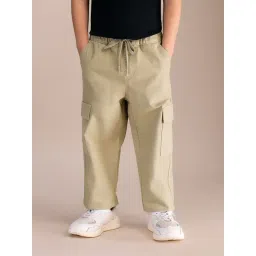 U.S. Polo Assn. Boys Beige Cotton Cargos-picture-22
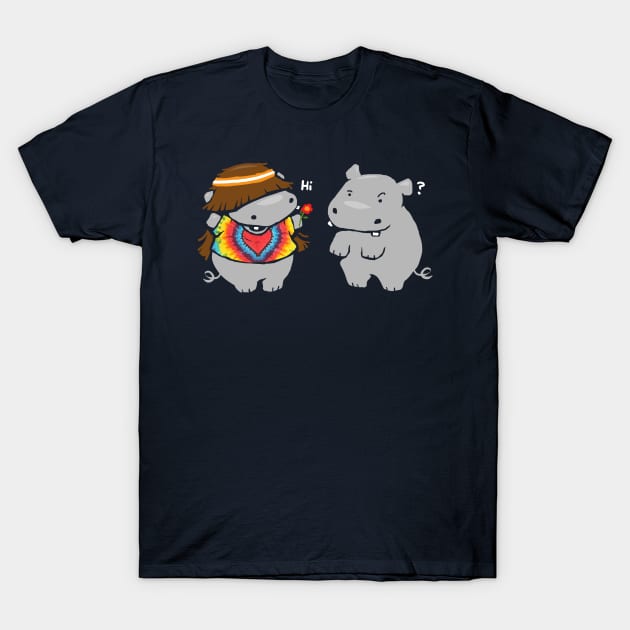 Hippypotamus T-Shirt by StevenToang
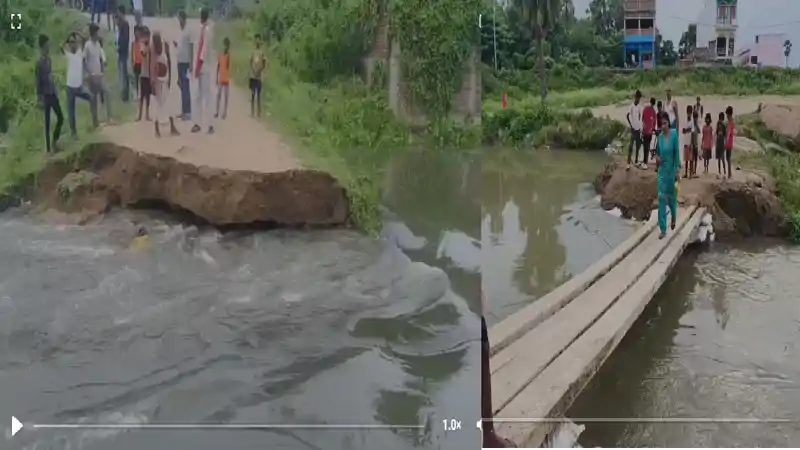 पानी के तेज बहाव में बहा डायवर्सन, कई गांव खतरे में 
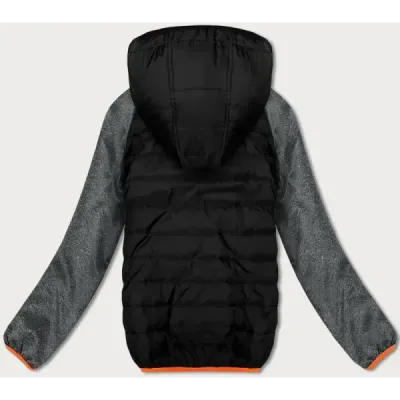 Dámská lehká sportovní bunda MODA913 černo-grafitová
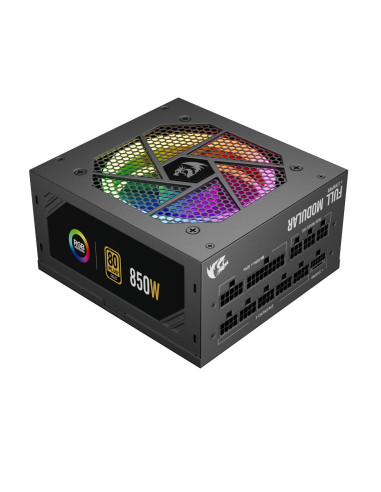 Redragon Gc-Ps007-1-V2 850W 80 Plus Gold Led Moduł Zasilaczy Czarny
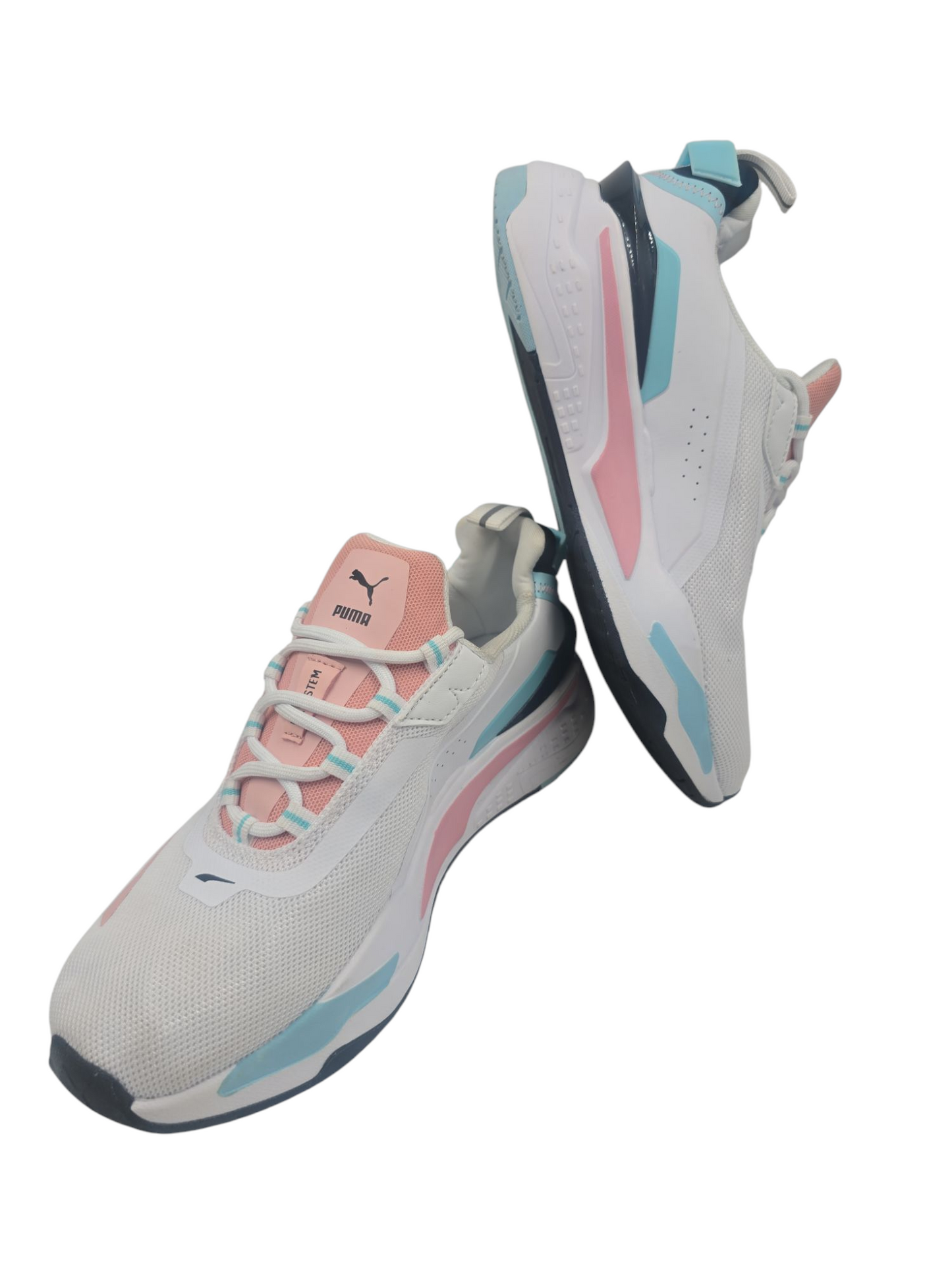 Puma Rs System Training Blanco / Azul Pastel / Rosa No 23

----

■ **Exercise goal**:
The reply must match the records exactly, apart from the pictures, which are left out.

■ **Answer to the problem**:
 U.S. Polo Assn. Boys Beige Cotton Cargos-picture-22
 Hippypotamus T-Shirt by StevenToang
 पानी के तेज बहाव में बहा डायवर्सन, कई गांव खतरे में 
 Dámská lehká sportovní bunda MODA913 černo-grafitová
 Redragon Gc-Ps007-1-V2 850W 80 Plus Gold Led Moduł Zasilaczy Czarny
 Puma Rs System Training Blanco / Azul Pastel / Rosa No 23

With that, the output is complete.